Taken together, our results indicate that the T2T-CHM13 genome assembly provides a reliable tool for inference of nearly gapless telomere-to-telomere human replication timing profiles. These newly profiled regions confirm that heterochromatin is typically (but not exclusively) late replicating and reveal differences in replication timing biases of satellite repeat families. Linear centromeric reference sequences enabled us to further confirm our prior findings that centromeres replicate in mid-to-late S phase, are not unusually late replicating relative to the rest of the genome, and that their timing of replication differs between cell lines. One biological mechanism that could potentially shape differences between cell lines is differential recruitment of the centromere-specific histone H3 variant CENP-A. Variation in HOR array length and sequence divergence has been shown to influence the competency of centromeric regions to recruit CENP-A30, and in vitro experiments suggest that depletion of CENP-A during S-phase results in replication fork stalling specifically at centromeres31. Thus, sequence and copy-number variation at centromeric regions among cell lines may alter the replication timing of individual chromosomes. However, by comparing centromeric regions within the same cell line, we demonstrate that earlier centromeric replication timing appears to be a global phenomenon impacting all chromosomes. An intriguing possibility is that centromeric replication is coordinated across chromosomes, perhaps by their nuclear localization: centromeres are strongly enriched for intrachromosomal interactions in budding yeast32 and centromere location within the nucleus has been implicated in the maintenance of pluripotency in human embryonic stem cell lines33. In that scenario, advancing the replication timing of one centromere could have the impact of altering global centromeric replication timing. To our knowledge, such a mechanism has yet to be described. Likewise, the consequences of divergent centromeric replication timing between cell lines remain unclear. Telomere-to-telomere replication timing profiles provide both the impetus and the tools for investigating these questions further.

Methods

Preparation of whole genome sequence data

All sequence data analyzed in this study were previously published in Massey et al.25. Tissue culture, fluorescence-activated cell sorting, library preparation, and sequencing are detailed in that publication.

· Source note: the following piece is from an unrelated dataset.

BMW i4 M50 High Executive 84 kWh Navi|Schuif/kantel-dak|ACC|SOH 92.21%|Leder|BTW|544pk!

Sequencing reads were re-aligned to the human genome assembly T2T-CHM13 v1.1 with the Burrows-Wheeler Aligner maximal exact matches (BWA-MEM) algorithm (bwa v0.7.13). Sequence annotations are from Altemose et al.28 and were downloaded from the UCSC Genome Browser (University of California, Santa Cruz; “cenSatAnnotation” track).

Replication timing profiles

Replication timing profiles were inferred by the S/G1 method described in Koren et al. (2012)26. Briefly, variable-size genomic bins were defined such that each bin had uniform coverage (200 reads) in the G1-phase library for a given cell line. Per-bin coverage was calculated for the corresponding S-phase library. The resulting profile was smoothed using a cubic smoothing spline (MATLAB function csaps, smoothing parameter 1 × 10–16), and normalized to an autosomal mean of 0 and standard deviation of 1.